Yet, keeping the deepest parts of us sequestered from ourselves does not bring the reprieve we expect. A quiet unease builds over time. Often, it leaves us feeling lost in the world. The experience is not far from the anxiety of arriving at our own doors, fishing for the keys, and realizing, in a moment of panic, that we’ve locked ourselves out. Suddenly, the place we return to for replenishment is inaccessible, separated by a bolted door and a misplaced key. Unable to get in, we suddenly become strangers looking into our own home.
The Peephole
How do we overcome this barrier? While coaching, my clients and I become detectives, looking for the key. We search. We retrace our steps to the last place where that sense of self was found. We rummage through pockets, peek under doormats and flower pots. We place our eyes by the peephole, first and foremost to understand why we sequester parts of ourselves.
To think through this, I return to Simmel and his writings about the boundaries that form between inner and outer worlds. Coaching has shown me how these boundaries are erected as we share parts of ourselves and are met with resistance or indifference. Sometimes, we repeatedly take ourselves to people and experiences that reinforce our sense of being misunderstood. At other times, we withdraw, avoiding sharing ourselves altogether, thereby affirming our sense of aloneness and estrangement from others.
Over time, what felt unwelcome by the world also becomes unwelcome within. The boundary placed to temporarily protect that which was nascent, fragile, and in need of tending becomes fixed and hard to remove. The ossification of this boundary creates a barrier in two directions: we become unable to access aspects of ourselves that matter to us and are blocked from tapping into them to forge relationships, experience wonder, and connect with the world. These boundaries prevent us from seeing ourselves and being seen by the world.
The Reconfigured Boundary
Overcoming this impasse requires us to reimagine the relationship between the self and the world. I see two sides to this. The first is an outward movement. Sometimes, we need to look outside and turn to others to access the sense of safety that was lost. It means keeping company with those who draw out aspects of ourselves that we feel afraid to share.
Conversations with such people help us find our way back in. It happens in tiny moments: a wide-eyed instance of wonder, a turn of phrase that helps us see what we missed, a surge of laughter that bubbles as they name a shared foible and we look at them and realize they understand us.

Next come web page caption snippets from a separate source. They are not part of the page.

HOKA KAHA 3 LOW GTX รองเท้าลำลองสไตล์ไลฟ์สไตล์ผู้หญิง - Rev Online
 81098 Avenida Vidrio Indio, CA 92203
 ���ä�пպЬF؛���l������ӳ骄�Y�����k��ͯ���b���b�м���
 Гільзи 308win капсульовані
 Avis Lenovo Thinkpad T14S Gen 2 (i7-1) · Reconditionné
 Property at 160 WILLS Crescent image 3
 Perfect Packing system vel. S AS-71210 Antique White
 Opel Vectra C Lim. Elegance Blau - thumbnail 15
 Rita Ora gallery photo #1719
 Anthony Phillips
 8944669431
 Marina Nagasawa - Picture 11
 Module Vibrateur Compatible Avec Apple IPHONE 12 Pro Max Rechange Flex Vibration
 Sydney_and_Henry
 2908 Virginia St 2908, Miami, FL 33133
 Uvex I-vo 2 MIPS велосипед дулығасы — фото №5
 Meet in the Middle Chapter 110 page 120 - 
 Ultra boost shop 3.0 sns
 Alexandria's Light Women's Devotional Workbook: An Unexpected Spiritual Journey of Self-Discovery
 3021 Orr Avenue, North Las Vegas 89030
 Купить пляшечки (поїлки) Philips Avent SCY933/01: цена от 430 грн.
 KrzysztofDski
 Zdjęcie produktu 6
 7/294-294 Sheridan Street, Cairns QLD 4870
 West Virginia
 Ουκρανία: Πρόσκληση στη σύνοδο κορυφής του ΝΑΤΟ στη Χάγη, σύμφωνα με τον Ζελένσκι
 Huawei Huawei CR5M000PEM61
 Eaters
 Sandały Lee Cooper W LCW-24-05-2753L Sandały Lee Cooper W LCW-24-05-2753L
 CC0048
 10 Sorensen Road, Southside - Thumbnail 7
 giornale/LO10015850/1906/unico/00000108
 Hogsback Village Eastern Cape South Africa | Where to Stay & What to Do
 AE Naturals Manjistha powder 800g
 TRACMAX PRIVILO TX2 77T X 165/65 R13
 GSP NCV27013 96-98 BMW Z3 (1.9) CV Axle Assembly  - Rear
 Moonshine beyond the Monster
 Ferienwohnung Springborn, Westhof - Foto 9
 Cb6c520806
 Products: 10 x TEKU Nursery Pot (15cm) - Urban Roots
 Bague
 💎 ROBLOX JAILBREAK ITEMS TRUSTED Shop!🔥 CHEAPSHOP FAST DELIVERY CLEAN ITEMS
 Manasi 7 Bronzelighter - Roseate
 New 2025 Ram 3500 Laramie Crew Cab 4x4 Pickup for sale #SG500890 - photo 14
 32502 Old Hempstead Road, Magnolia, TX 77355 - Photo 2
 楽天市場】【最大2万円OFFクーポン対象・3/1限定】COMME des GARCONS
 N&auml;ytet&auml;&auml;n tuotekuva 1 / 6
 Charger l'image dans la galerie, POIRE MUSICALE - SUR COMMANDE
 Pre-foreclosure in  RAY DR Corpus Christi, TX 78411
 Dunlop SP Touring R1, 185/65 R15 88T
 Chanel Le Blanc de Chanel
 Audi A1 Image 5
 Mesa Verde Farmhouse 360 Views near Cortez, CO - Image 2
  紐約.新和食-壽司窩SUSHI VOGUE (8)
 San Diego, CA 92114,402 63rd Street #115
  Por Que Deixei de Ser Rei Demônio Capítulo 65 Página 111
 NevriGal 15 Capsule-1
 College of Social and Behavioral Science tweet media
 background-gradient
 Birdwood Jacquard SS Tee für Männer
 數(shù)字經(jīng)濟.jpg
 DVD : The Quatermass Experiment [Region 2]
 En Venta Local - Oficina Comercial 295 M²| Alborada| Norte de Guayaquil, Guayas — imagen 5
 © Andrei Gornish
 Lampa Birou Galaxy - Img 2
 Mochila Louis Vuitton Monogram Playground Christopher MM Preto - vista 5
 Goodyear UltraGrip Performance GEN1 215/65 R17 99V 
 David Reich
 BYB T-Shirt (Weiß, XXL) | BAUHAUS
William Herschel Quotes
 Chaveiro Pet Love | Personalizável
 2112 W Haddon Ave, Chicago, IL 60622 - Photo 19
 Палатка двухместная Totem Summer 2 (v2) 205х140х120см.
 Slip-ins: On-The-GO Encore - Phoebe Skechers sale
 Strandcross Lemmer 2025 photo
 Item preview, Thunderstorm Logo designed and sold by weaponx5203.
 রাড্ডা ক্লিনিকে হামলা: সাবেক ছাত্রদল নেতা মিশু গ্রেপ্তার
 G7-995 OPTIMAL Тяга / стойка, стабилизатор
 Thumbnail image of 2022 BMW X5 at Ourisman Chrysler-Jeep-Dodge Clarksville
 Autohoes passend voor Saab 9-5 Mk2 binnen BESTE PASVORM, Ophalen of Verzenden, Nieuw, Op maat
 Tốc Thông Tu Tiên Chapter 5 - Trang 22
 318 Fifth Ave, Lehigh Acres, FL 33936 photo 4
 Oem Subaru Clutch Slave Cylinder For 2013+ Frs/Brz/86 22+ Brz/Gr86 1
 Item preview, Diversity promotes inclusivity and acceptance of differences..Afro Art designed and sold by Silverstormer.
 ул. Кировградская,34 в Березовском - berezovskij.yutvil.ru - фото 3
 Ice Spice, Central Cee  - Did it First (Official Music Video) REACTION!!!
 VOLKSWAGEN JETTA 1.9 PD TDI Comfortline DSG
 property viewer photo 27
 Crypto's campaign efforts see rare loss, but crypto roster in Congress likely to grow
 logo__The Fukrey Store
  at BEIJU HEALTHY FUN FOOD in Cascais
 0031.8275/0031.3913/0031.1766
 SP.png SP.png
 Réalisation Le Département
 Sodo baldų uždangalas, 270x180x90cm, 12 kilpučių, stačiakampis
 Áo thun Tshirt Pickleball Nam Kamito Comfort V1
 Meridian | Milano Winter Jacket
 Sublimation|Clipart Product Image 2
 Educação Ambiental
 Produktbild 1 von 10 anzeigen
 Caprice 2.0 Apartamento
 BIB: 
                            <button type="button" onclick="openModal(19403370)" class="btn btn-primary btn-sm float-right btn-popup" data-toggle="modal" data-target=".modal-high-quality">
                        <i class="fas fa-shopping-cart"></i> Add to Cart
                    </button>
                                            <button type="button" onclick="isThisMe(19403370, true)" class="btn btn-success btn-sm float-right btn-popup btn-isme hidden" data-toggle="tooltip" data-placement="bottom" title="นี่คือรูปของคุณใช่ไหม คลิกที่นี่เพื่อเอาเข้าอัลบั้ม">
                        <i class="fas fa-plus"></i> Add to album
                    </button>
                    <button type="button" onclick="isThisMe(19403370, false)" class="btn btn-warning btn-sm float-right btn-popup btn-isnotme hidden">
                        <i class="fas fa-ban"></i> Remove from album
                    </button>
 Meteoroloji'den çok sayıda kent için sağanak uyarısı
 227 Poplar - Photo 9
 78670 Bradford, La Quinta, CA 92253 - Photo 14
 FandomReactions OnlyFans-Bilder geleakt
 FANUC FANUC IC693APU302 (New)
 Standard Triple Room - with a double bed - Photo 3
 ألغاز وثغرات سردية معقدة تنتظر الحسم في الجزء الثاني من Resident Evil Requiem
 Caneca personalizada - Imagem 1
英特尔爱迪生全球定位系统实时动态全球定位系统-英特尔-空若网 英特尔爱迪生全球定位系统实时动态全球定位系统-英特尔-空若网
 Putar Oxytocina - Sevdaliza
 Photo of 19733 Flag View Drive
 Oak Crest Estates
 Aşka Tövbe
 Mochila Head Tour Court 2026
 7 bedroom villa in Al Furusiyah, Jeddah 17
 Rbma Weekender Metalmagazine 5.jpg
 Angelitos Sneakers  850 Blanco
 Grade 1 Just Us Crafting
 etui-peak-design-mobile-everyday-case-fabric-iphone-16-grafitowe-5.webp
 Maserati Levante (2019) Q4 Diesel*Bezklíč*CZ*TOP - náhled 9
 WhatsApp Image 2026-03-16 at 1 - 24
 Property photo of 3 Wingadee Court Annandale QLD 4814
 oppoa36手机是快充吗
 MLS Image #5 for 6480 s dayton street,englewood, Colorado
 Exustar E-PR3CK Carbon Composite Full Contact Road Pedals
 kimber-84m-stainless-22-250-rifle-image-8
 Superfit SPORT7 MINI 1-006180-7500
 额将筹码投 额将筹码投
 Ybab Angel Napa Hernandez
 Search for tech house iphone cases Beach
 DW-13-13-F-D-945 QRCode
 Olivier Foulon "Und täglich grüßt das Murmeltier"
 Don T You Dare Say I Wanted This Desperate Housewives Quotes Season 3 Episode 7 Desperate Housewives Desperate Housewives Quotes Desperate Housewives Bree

The relief of recognition, of knowing no explanation is needed. Suddenly, we feel something shift inside—a release of tension, a relaxation of effort. We find we are in safe company, and the door unlocks itself. Through a montage of these moments, a sense of belonging emerges, helping us restore the fluidity of movement between our inner and outer worlds.
The second part lies in recalibrating our relationship with boundaries to better navigate the porosity between interior and exterior spaces. It requires cultivating discernment about when and where it is safe to share the deeper reaches of ourselves, when to open and close the door, whom to welcome in, and at what pace to establish trust. Coaching has shown me that the more we gain dexterity in establishing boundaries—saying no to people and environments where we feel unseen and alienated—the easier it becomes to access ourselves. These boundaries set limits that liberate us.
Simmel writes that “the human being is the connecting creature who must always separate and cannot connect without separating.” For him, the limits formed by separating inner and outer worlds “find their significance and dignity only in that which the mobility of the door illustrates.” The door, he writes, represents the possibility, at any moment, of stepping out of the confines of isolated existence into freedom. This freedom, I find, is deepened when we tap into our capacity to share the parts of ourselves and our work that we once kept locked in.